Evaluation of Filtering Conditions
The very first questions to consider when writing a SQL statement are:
What data is required, and from which tables?
What input values will we pass to the DBMS engine?
What are the filtering conditions that allow us to discard unwanted rows?
Be aware, however, that some data (principally data used for
joining tables) may be stored redundantly in several tables. A
requirement to return values known to be held in the primary key of a
given table doesn’t necessarily mean that this table must appear in
the from
clause, since this primary
key may well appear as the foreign key of another table from which we
also need the data.
Even before writing a query, we should rank the filtering conditions. The really efficient ones (of which there may be several, and which may apply to different tables) will drive the query, and the inefficient ones will come as icing on the cake. What is the criterion that defines an efficient filter? Primarily, one that allows us to cut down the volume of the data we have to deal with as fast as possible. And here we must pay a lot of attention to the way we write; the following subsections work through a simple example to illustrate my point.
Buyers of Batmobiles
Assume that we have four tables, namely customers
, orders
, orderdetail
, and a table of articles
, as shown in Figure 4-5. Please note that
in the figure the sizes of the boxes representing each table are
more or less proportional to the volume of data in each table, not
simply to the number of columns. Primary key columns are
underlined.
Let’s now suppose that our SQL problem is to find the names of all the customers living in the city named “Gotham” who have ordered the article called “Batmobile” during the last six months. We have, of course, several ways to formulate this query; the following is probably what an ANSI SQL fan would write:
select distinct
c.custname
from customers c
join orders o
on o.custid = c.custid
join orderdetail od
on od.ordid = o.ordid
join articles a
on a.artid = od.artid
where c.city = 'GOTHAM'
and a.artname = 'BATMOBILE'
and o.ordered >= somefunc
somefunc
is supposed to be a
function that returns the date six months prior to the current date.
Notice too, the presence of distinct
, which may be required if one of
our customers is an especially heavy consumer of Batmobiles and has
recently ordered several of them.
Let’s forget for a while that the optimizer may rewrite the
query, and look at the execution plan such a statement suggests.

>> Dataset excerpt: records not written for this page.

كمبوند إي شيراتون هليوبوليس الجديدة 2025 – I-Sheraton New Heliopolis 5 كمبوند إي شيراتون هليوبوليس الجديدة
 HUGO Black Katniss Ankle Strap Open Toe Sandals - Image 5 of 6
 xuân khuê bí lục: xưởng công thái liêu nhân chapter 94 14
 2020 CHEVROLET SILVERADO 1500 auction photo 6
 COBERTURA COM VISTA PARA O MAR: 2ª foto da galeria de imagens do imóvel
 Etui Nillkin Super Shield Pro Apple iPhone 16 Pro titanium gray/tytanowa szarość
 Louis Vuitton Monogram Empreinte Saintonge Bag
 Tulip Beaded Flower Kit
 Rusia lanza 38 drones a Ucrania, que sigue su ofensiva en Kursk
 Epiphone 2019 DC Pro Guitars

First, we walk the customers
table, keeping only rows for which the city happens to be Gotham.
Then we search the orders
table,
which means that the custid
column there had better be indexed, because otherwise the only hope
the SQL engine has of executing the query reasonably fast is to
perform some sorting and merging or to scan the orders
table to build a hash table and
then operate against that. We are going to apply another filter at
this level, against the order date. A clever optimizer will not mind
finding the filtering condition in the where
clause and will understand that in
order to minimize the amount of data to join it must filter on the
date before performing the join. A not so clever optimizer might be
tempted to join first, and then filter, and may therefore be
grateful to you for specifying the filtering condition with the join
condition, as follows:
join orders o on o.custid = c.custid and o.ordered >= somefunc
Even if the filtering condition really has nothing to do with
the join, it is sometimes difficult for the optimizer to understand
when that is the case. If the primary key of orderdetail
is defined as (ordid, artid)
then, because ordid
is the first attribute of the index,
we can make use of that index to find the rows associated with an
order as in Chapter 3. But if
the primary key happens to be (artid,
ordid)
(and note, either version is exactly the same as
far as relational theory is concerned), then tough luck. Some
products may be able to make some use of the index[*] in that case, but it will not provide the efficient
access that (ordid, artid)
would
have allowed. Other products will be totally unable to use the
index. The only circumstance that may save us is the existence of a
separate index on ordid
.
Once we have linked orderdetails
to orders
, we can proceed to articles
—without any problem this time
since we found artid
, the primary
key, in orderdetail
. Finally, we
can check whether the value in articles
is or is not a Batmobile. Is this
the end of the story? Not quite. As instructed by distinct
, we must now sort the resulting
set of customer names that have passed across all the filtering
layers so as to eliminate duplicates.
It turns out that there are several alternative ways of expressing the query that I’ve just described. One example is to use the older join syntax , as follows:
select distinct c.custname
from customers c,
orders o,
orderdetail od,
articles a
where c.city = 'GOTHAM'
and c.custid = o.custid
and o.ordid = od.ordid
and od.artid = a.artid
and a.artname = 'BATMOBILE'
and o.ordered >= somefunc
It may just be old habits dying hard, but I prefer this older
way, if only for one simple reason: it makes it slightly more
obvious that from a logical point of view the order in which we
process data is arbitrary, because the same data will be returned
irrespective of the order in which we inspect tables. Certainly the
customers table
is particularly
important, since that is the source from which we obtain the data
that is ultimately required, while in this very specific context,
all the other tables are used purely to support the remaining
selection processes. One really has to understand that there is no
one recipe that works for all cases. The pattern of table joins will
vary for each situation you encounter. The deciding factor is the
nature of the data you are dealing with.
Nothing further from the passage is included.